Description: Rusty Cichlid makes a great choice for newcomers to Mbuna. Their latin name came from the greek word ”iodes”, which means iron rust. Their round head has a rusty color, while their body has a deep lavender purple or bluish sheen. Females are less intensely colored. Rusties are sometimes confused with Labidochromis vellicans, but can be distinguished by their more pointed head.

There is only a small color difference between the sexes. Males typically have longer anal fins and have more egg spots on it than females. Lavender Mbuna can be sexually mature at only 4 cm in length.
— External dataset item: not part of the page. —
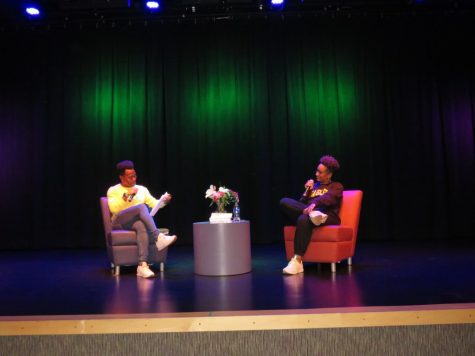 J.T. Chestnut interviewing Alex Elle on stage at the U-SU theatre for the “How We Heal Book Talk.” Photo by Alyssah Hall.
The males form territories, around a suitable spawning site such as a flat rock. Males are displaying at passing females, showing intense color to them. When a female is ready to spawn she will aproach the spawning site, where she will lay the eggs in small batches and gather them into her mouth immediately. Fertilisation occurs in typical Mbuna fashion: when the female tries to swallow the male egg spots on his anal fin, the male releases his sperm. The female then lays her next batch of eggs and the process is repeated. The number of the eggs can be 60. The female will carry the eggs for up to 3 weeks in her mouth before releasing the free swimming fry. During this time she will not eat at all. Stressed females may spit out the brood or may swallow them. The fry can be fed with small live foods or crushed spirulina flakes. They grow quickly and will be ready to spawn after a few months.